Nuijten attributes the reduced error rate in papers in the journals that don’t use statcheck to an increased awareness of issues around statistical significance over the study period, as well as to researchers using statcheck themselves before they submit their manuscripts.
The software is available as a web application to which researchers can upload their manuscripts. It has been accessed more than 100,000 times since its launch in September 2016. The tool is also available as a plug-in for Microsoft Word to help researchers identify errors during the writing process.

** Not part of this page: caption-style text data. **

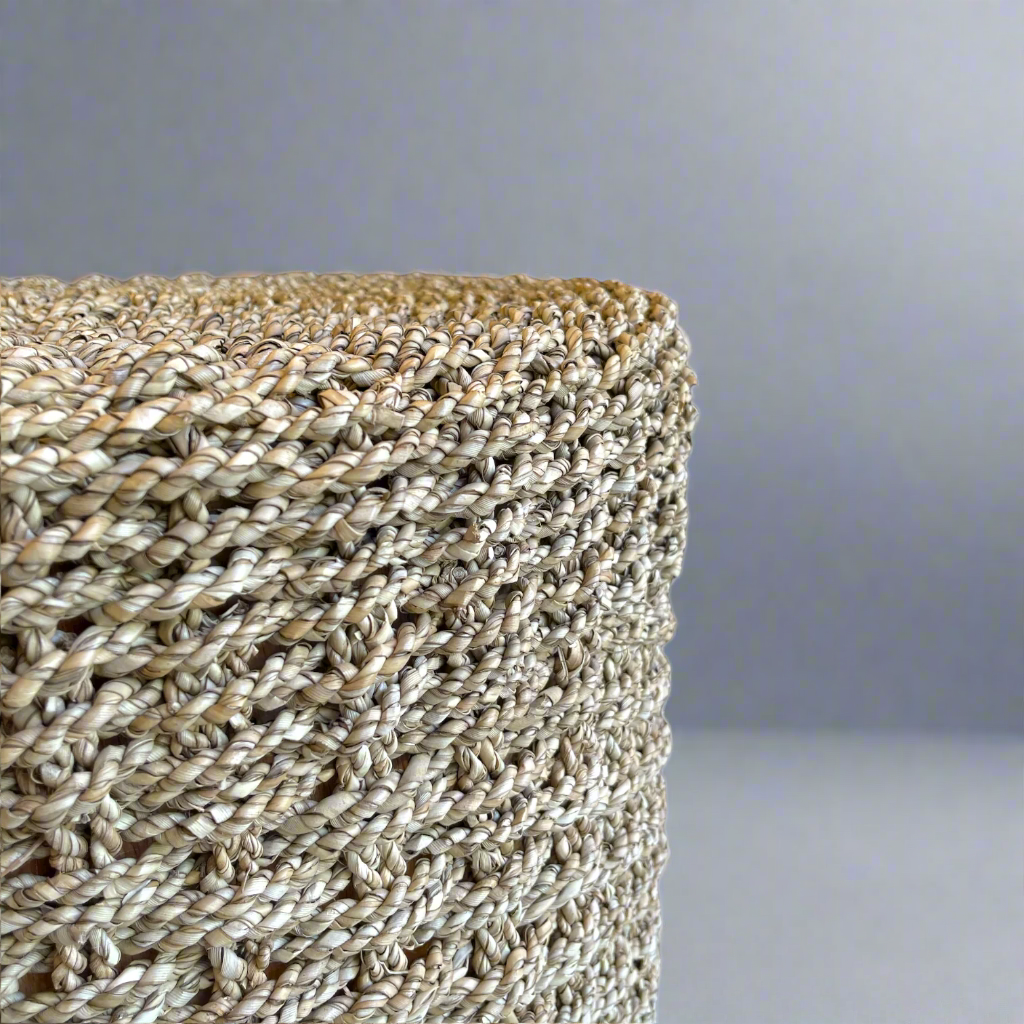 The Kursi Seagrass Side Table is a beautiful addition to seating areas or bedrooms. Woven from seagrass, the tight weave gives a dimensional quality to this table, adding a sense of movement and individuality. Corner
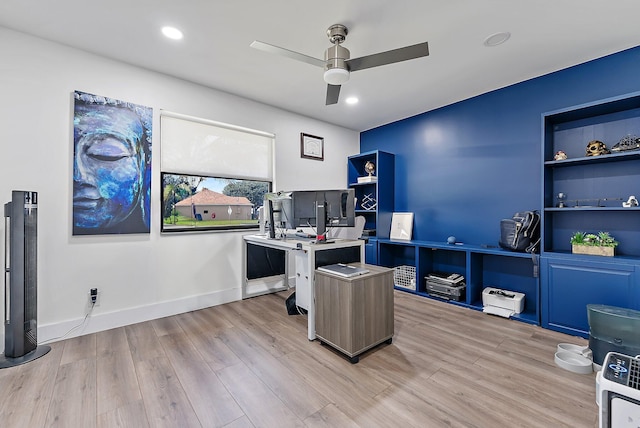 home office featuring built in shelves, light wood-type flooring, and ceiling fan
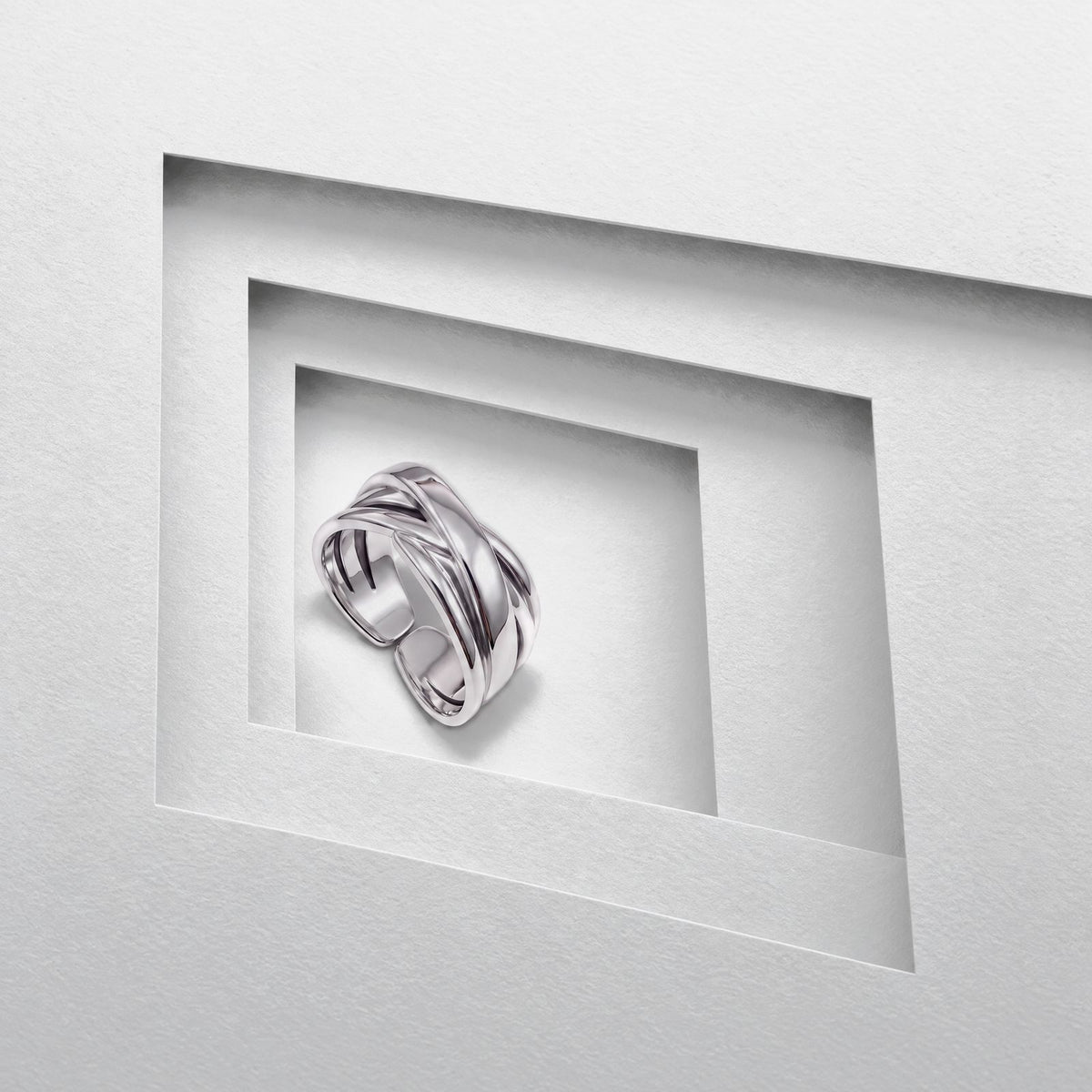 Sterling silver crossover ring standing in a stepped grey card opening, polished bands crossing over the open band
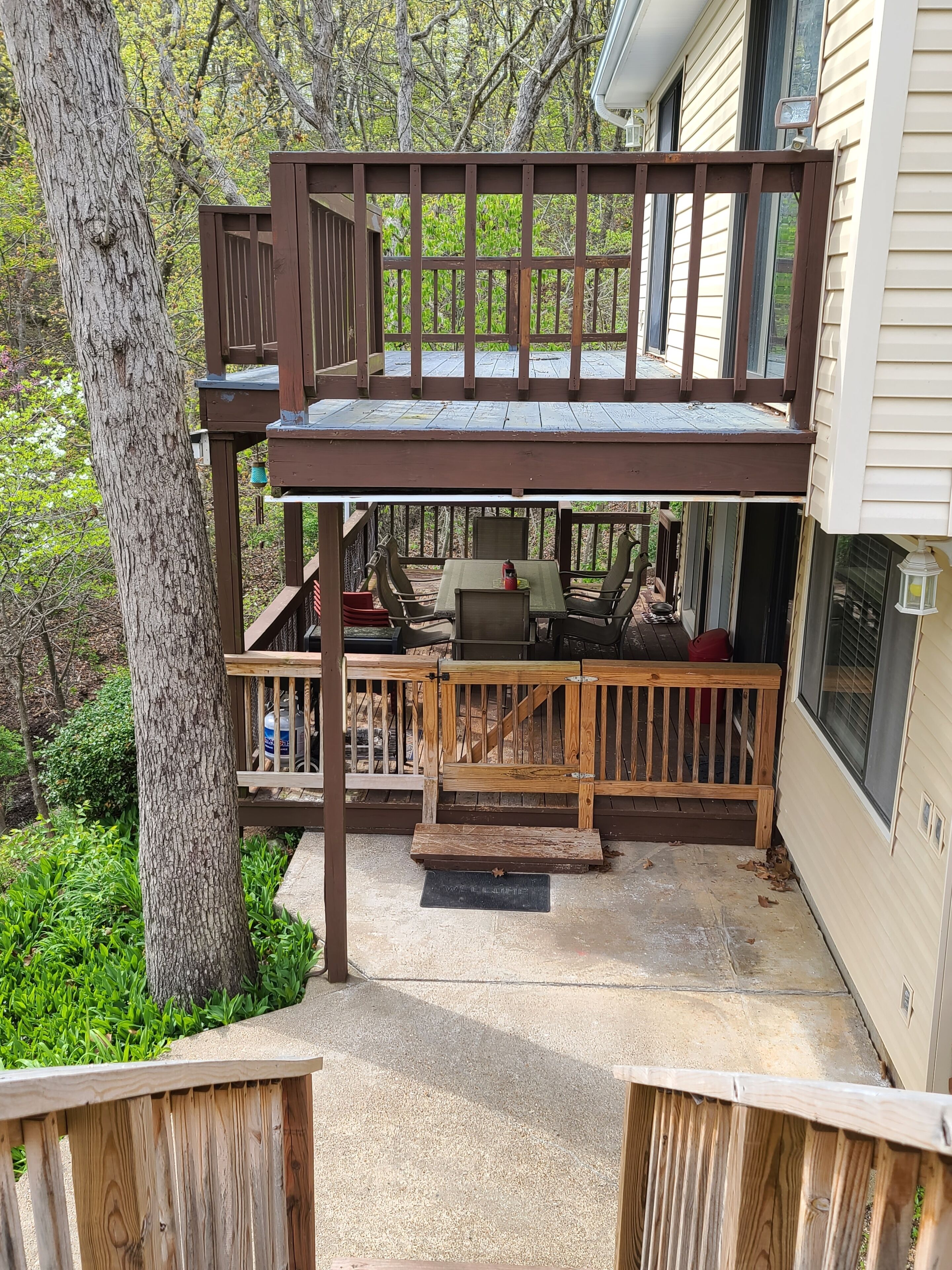 A deck with a table and chairs, a barbecue grill, and a wooden bench.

Patricia Bauer, a psychologist at Emory University in Atlanta, Georgia, and editor-in-chief of Psychological Science, says, “statcheck is a free, easy to use, easy to implement step that authors can take and that the journal can require.” The journal requires authors to submit a clean statcheck report with no reported errors as a prerequisite to publication.
But Anna-Lena Schubert, a psychologist at the Johannes Gutenberg University of Mainz in Germany and secretary of the German Psychological Society, worries that it might not be possible to obtain a clean statcheck report if the tool has made mistakes. In those cases, she says, authors should have the opportunity to submit a rebuttal.
Still, Schubert concludes, “given its relatively low error rate, it would be very beneficial for psychology journals to adopt statcheck as a screening tool to increase the rigour and robustness of psychology literature”.